FIG. 3 is a cross section showing a related art image sensing device. The TFT structure of related art FIG. 1 and FIG. 2 is given the same reference numbers as in related art FIG. 3.
Referring to FIG. 3, an image sensing device includes a photo TFT 40, a storage capacitor 80 connected to both the photo TFT 40 and a switching TFT 6 located opposite the photo TFT 40 and having a storage capacitor 80 therebetween.
The photo TFT 40 includes a gate electrode 8 formed on the substrate 42, an active layer 14 overlapping the gate electrode 8 having the gate insulating film 44 therebetween, a source electrode 60 electrically connected to the active layer 14, and a drain electrode 62 opposed to the source electrode 60. The active layer 14 overlaps with the source electrode 60 and the drain electrode 62, and further includes a channel portion between the source electrode 60 and the drain electrode 62. The ohmic contact layer 48, for ohmic contact with the source electrode 60 and the drain electrode 62, is further formed on the active layer 14. The photo TFT 40 senses light transmitted by an image such as a document or a fingerprint.
The storage capacitor 80 overlaps with a lower storage electrode 72 where the lower storage electrode 72 is connected to the gate electrode 8 of the photo TFT 40, with the insulating film 44 therebetween, and includes an upper storage electrode 74 connected to the drain electrode 62 of the photo TFT 40. The storage capacitor 80 stores an electric charge by a photo current generated at the photo TFT 40.
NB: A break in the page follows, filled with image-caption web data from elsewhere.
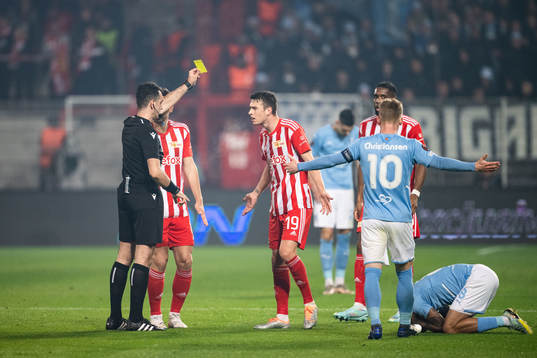 Janik Haberer of Union Berlin receives a yellow card
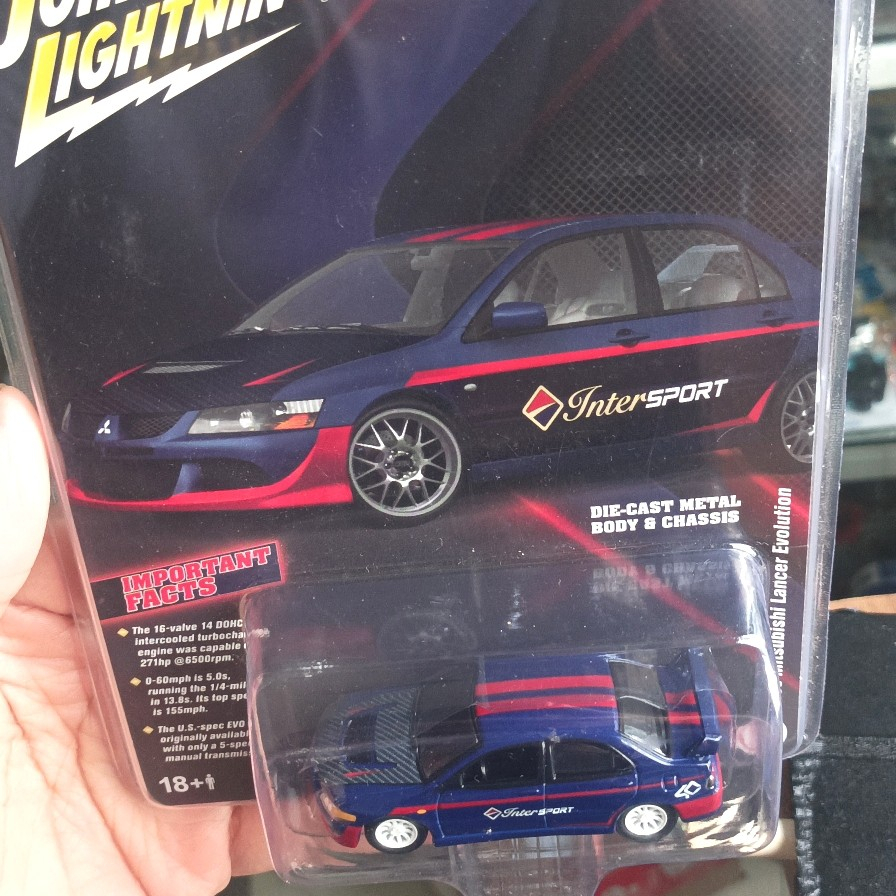 JOHNNY LIGHTNING INTERSPORT MITSUBISHI LANCER EVO 2003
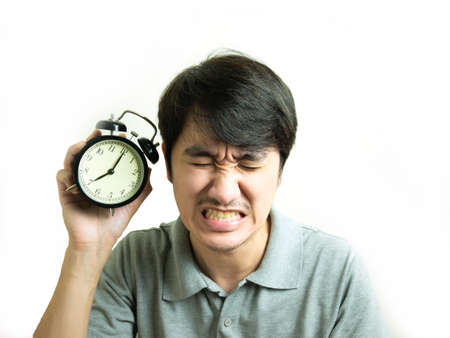 Asian young man with alarm clock in hand at 7 o'clock in the morning.の写真素材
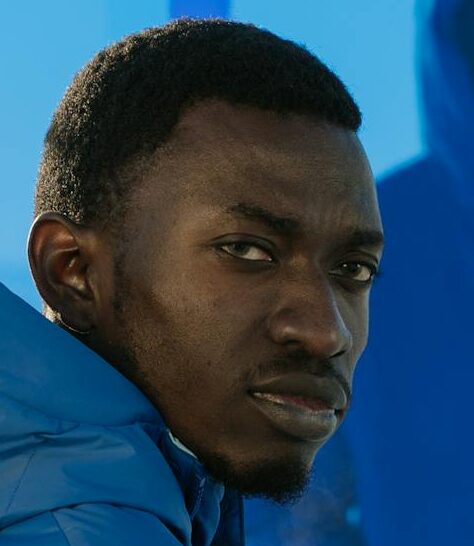 Stylish portrait of a man in a blue winter jacket, featuring artistic reflections and a snowy backdrop.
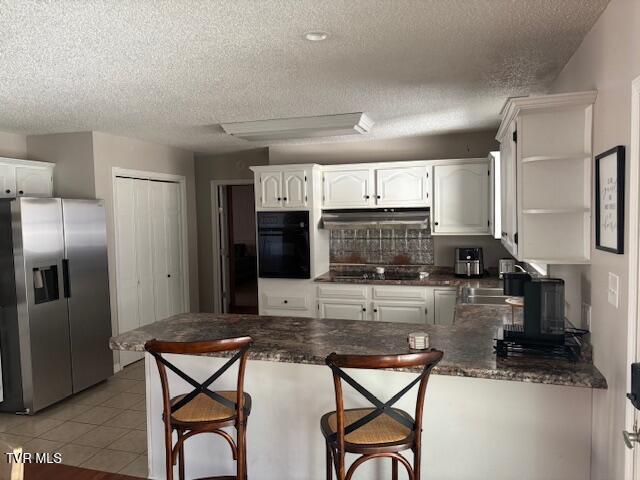 kitchen with light tile patterned floors, under cabinet range hood, a peninsula, white cabinets, and black appliances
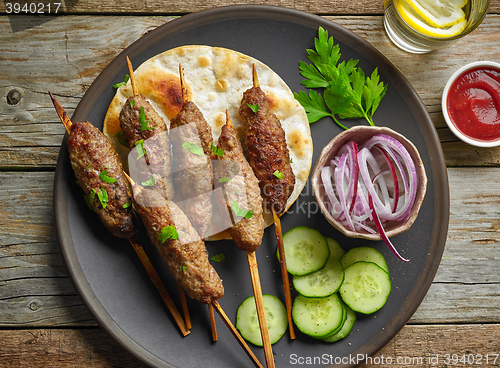 Image of grilled minced meat skewers kebabs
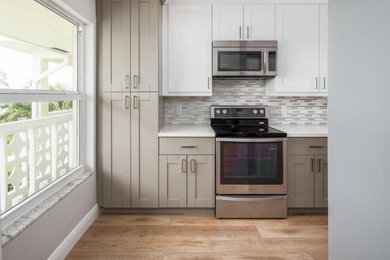 Example of a mid-sized transitional l-shaped light wood floor open concept kitchen design in Miami with a double-bowl sink, shaker cabinets, white cabinets, quartz countertops, gray backsplash, ceramic backsplash, stainless steel appliances and a peninsula
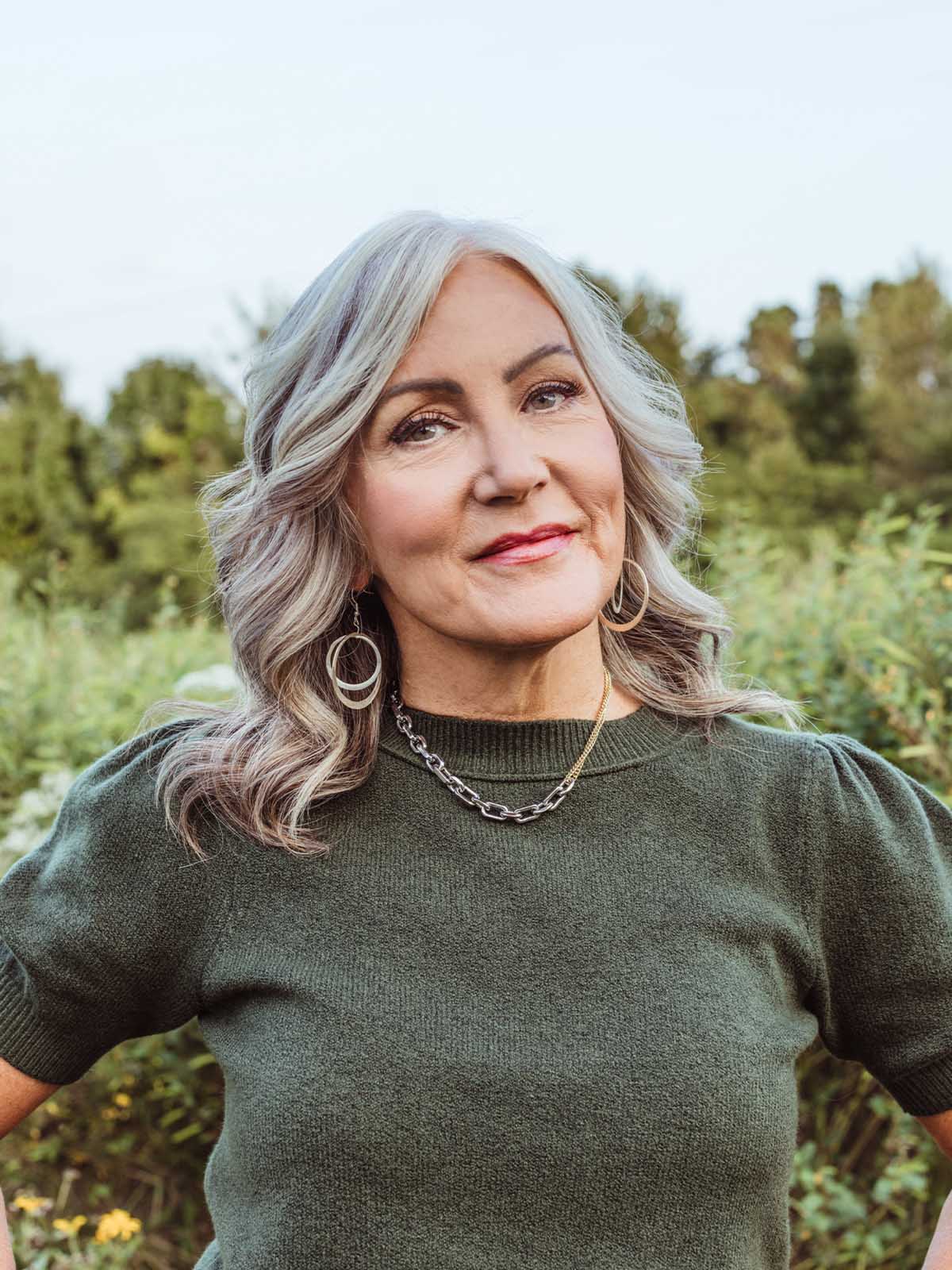 Smiling woman wearing double hoop silver earrings and layered chain necklace with dark green sweater — ethical handcrafted jewelry for everyday style.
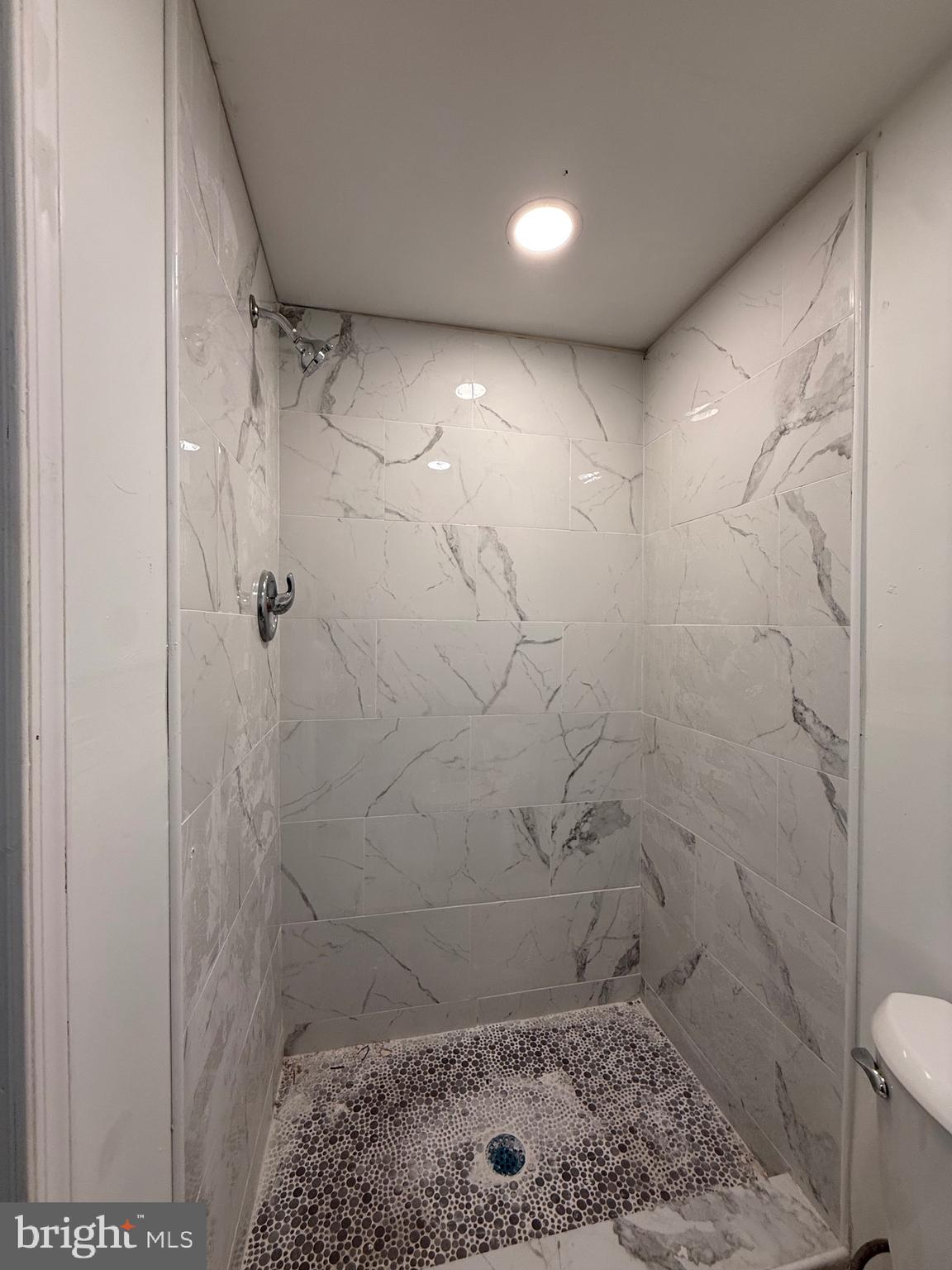 1153 Atwood Road, Unit 2 Philadelphia, PA 19151 - Photo 9 of 29 a bathroom with a shower and a toilet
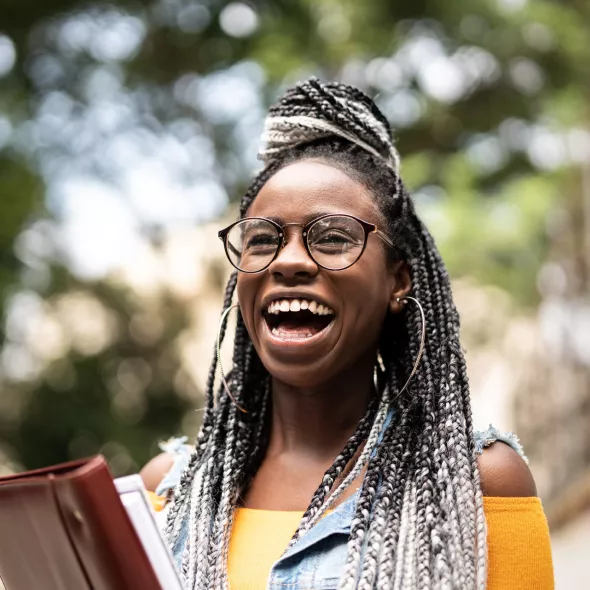 Joyous Young Black Woman Holding Books - Outdoors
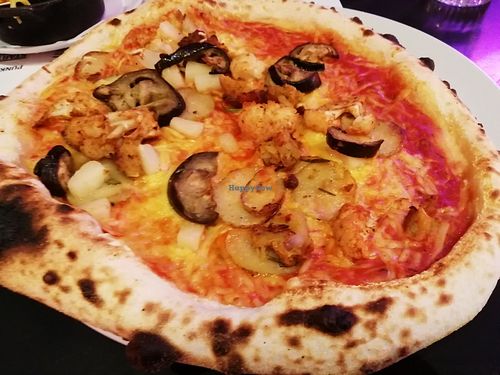 Smoked aubergine, pineapple, garlic & rosemary potatoes, maple siracha cauliflower at Pizza Punks in Glasgow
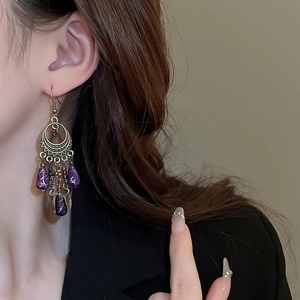 Close-up of bohemian leaf drop earrings with purple beads and bronze tassels on a model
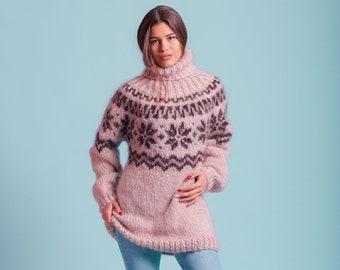 May include: A woman wearing a pink and black patterned sweater with a turtleneck and blue jeans. She is standing on a light blue background.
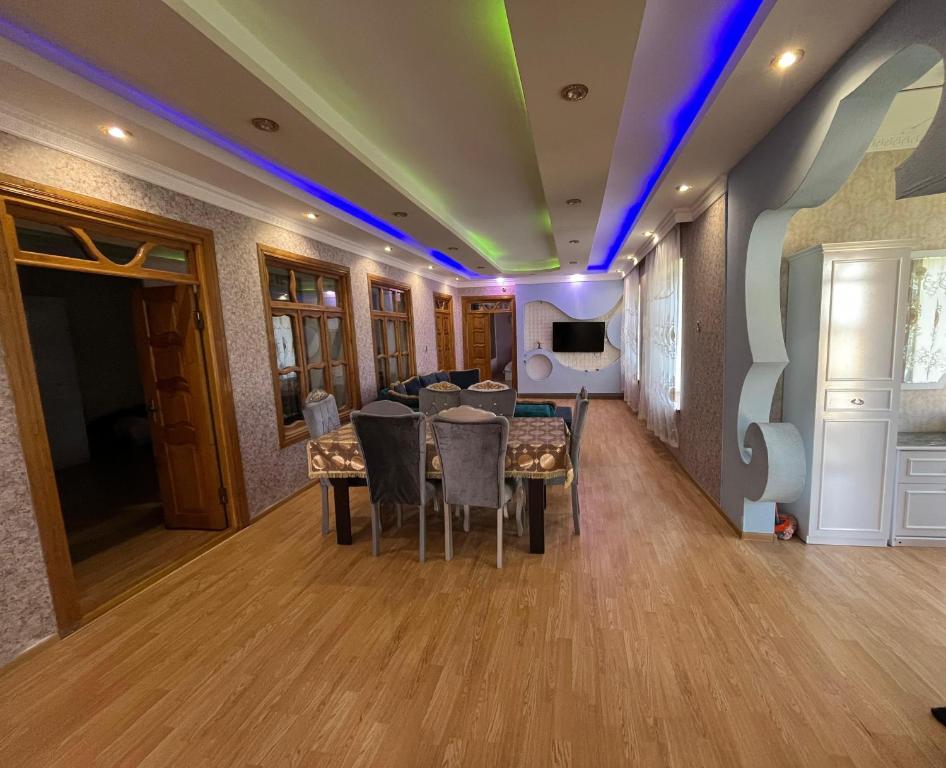 a dining room with a table and a couch at Home in Gabala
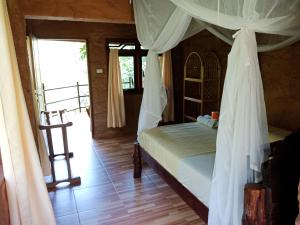 a bedroom with a bed and a ladder in it at On The Rocks Bungalows, Restaurant and Jungle Trekking Tours in Bukit Lawang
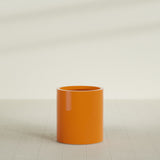 Rio Grande Cylinder Planter in Gloss Tangerine, 18"D × 20"H, shown empty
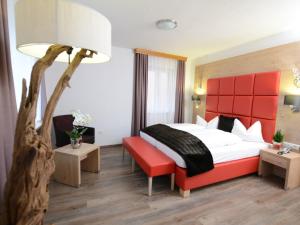 a hotel room with a bed and a red headboard at Land-gut Hotel zum Löwen Garni in Marktheidenfeld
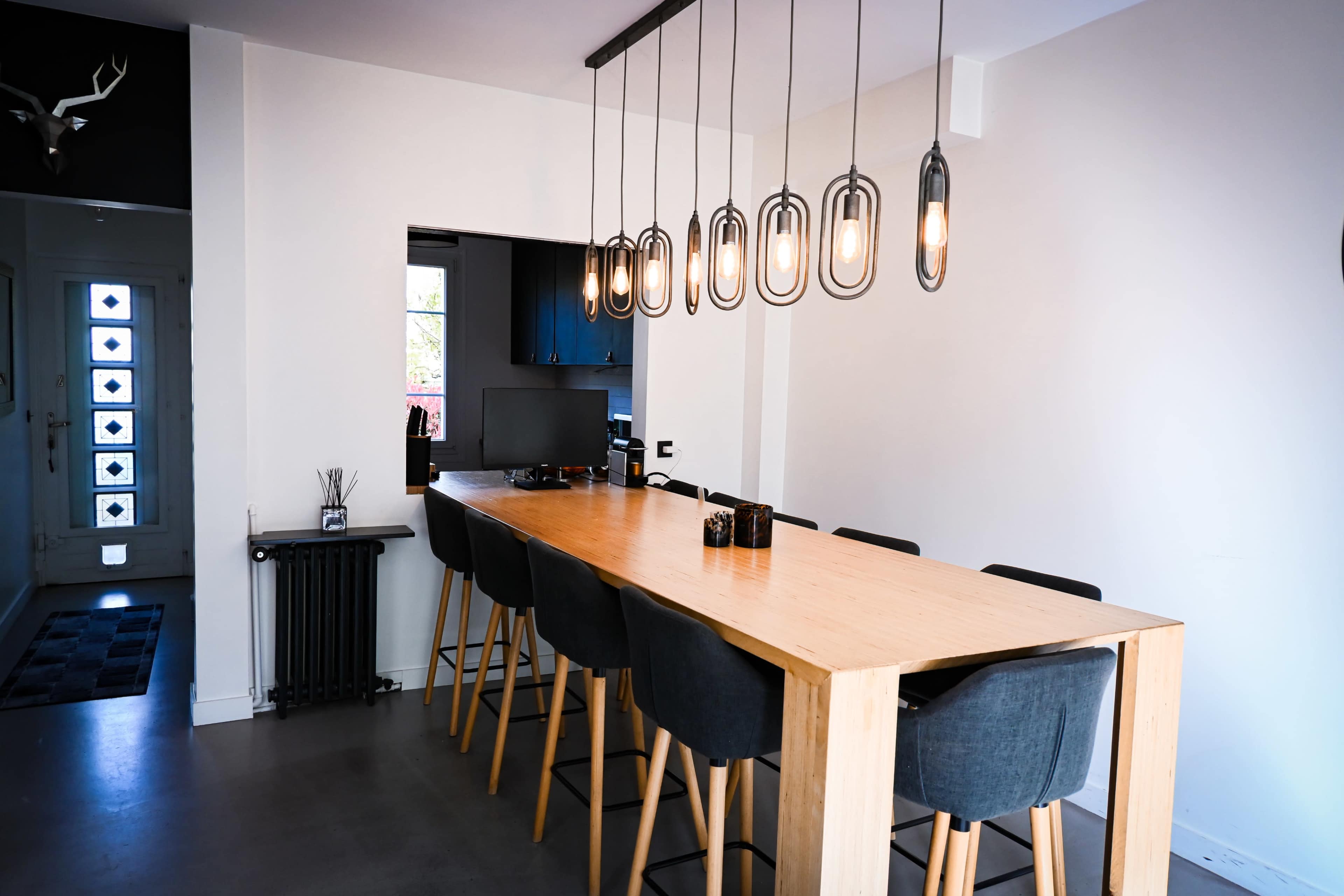 The image shows a modern dining area with a long wooden table surrounded by high stools and pendant lights hanging above it.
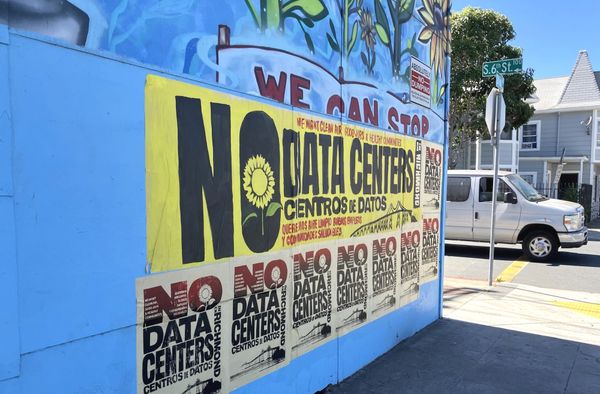 'No Data Centers' posters on a mural wall at South 6th Street in Richmond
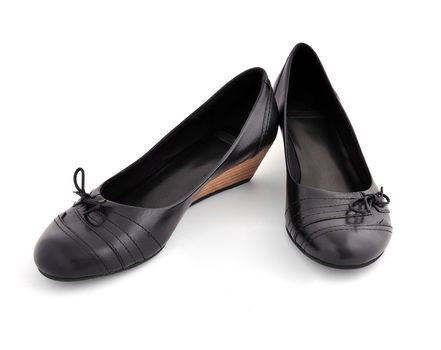 black ladies shoes on a white background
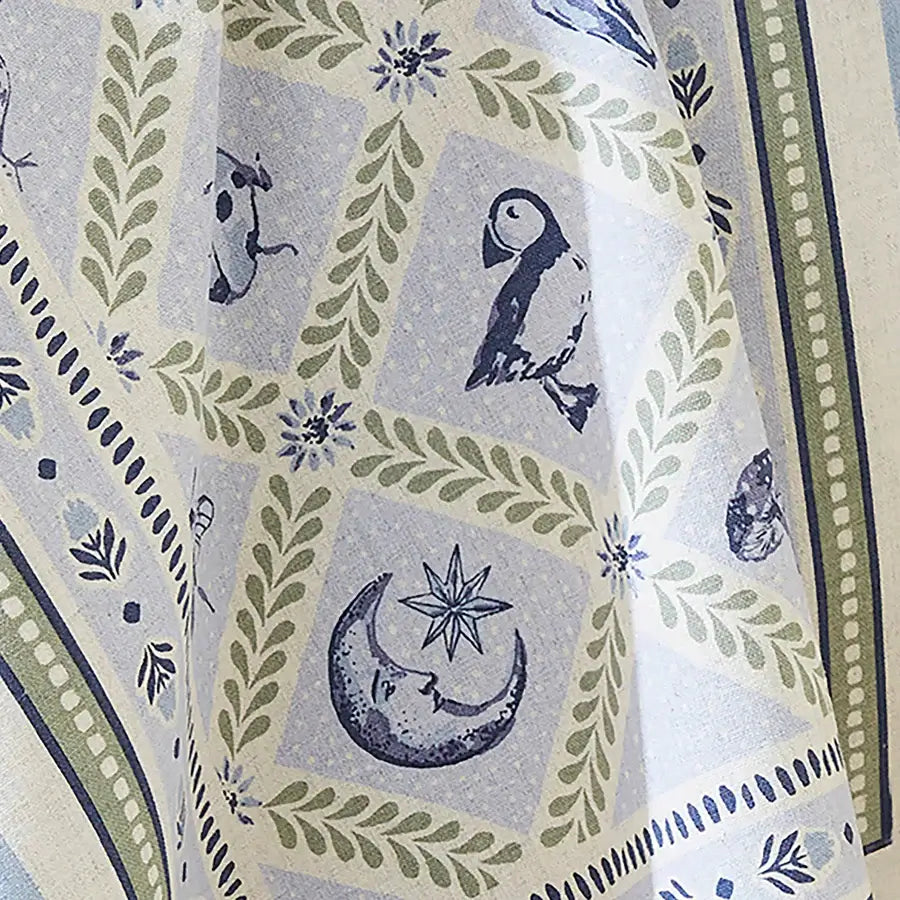 Fabric with nature-themed pattern featuring animals, plants, and celestial symbols.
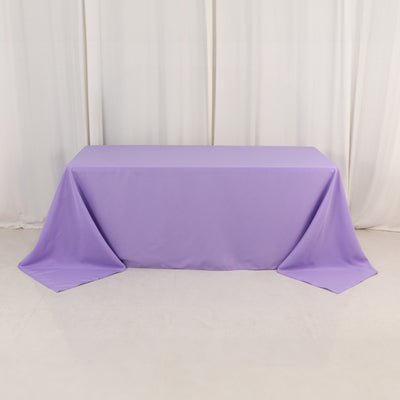 Purple tablecloth on a smooth surface with soft drapes in the background.
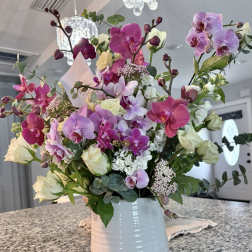 Tall arrangement of pink and purple orchids with white roses in a white ceramic vase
The switching TFT 6 includes a gate electrode 8 formed on the substrate 42, a source electrode 10 connected to the upper storage electrode 74, a drain electrode 12 opposite the source electrode 10, and an active layer 14 overlapping the gate electrode 8 with a channel between the source electrode 10 and the drain electrode 12. The active layer 14 overlaps with the source electrode 10 and the drain electrode 12, and further includes a channel portion between the source electrode 10 and the drain electrode 12.
An ohmic contact layer 48 for ohmic contact with the source electrode 10 and the drain electrode 12 is further formed on the active layer 14.
Driving of the image sensing device with the above structure will be briefly described. For example, approximately 10V is applied to the source electrode 60 of the photo TFT 40, and approximately −5V of an inverse bias voltage is applied to the gate electrode 8. When light is sensed by the active layer 14, a photo current path in the drain electrode 62 and source electrode 60 channel is generated. The photo current path flows from the drain electrode 62 into the upper storage electrode 74, and the lower storage electrode 72 is connected to the gate electrode 8 of the photo TFT 40, so that an electric charge generated by the photo current is charged into the storage capacitor 80. The electric charge charged into the storage capacitor 80 is transmitted into the switching TFT 6 to create an image sensed by the photo TFT 40.
Accordingly, a related art liquid crystal display device has only display capability, and a related art image sensing device only has image sensing capability.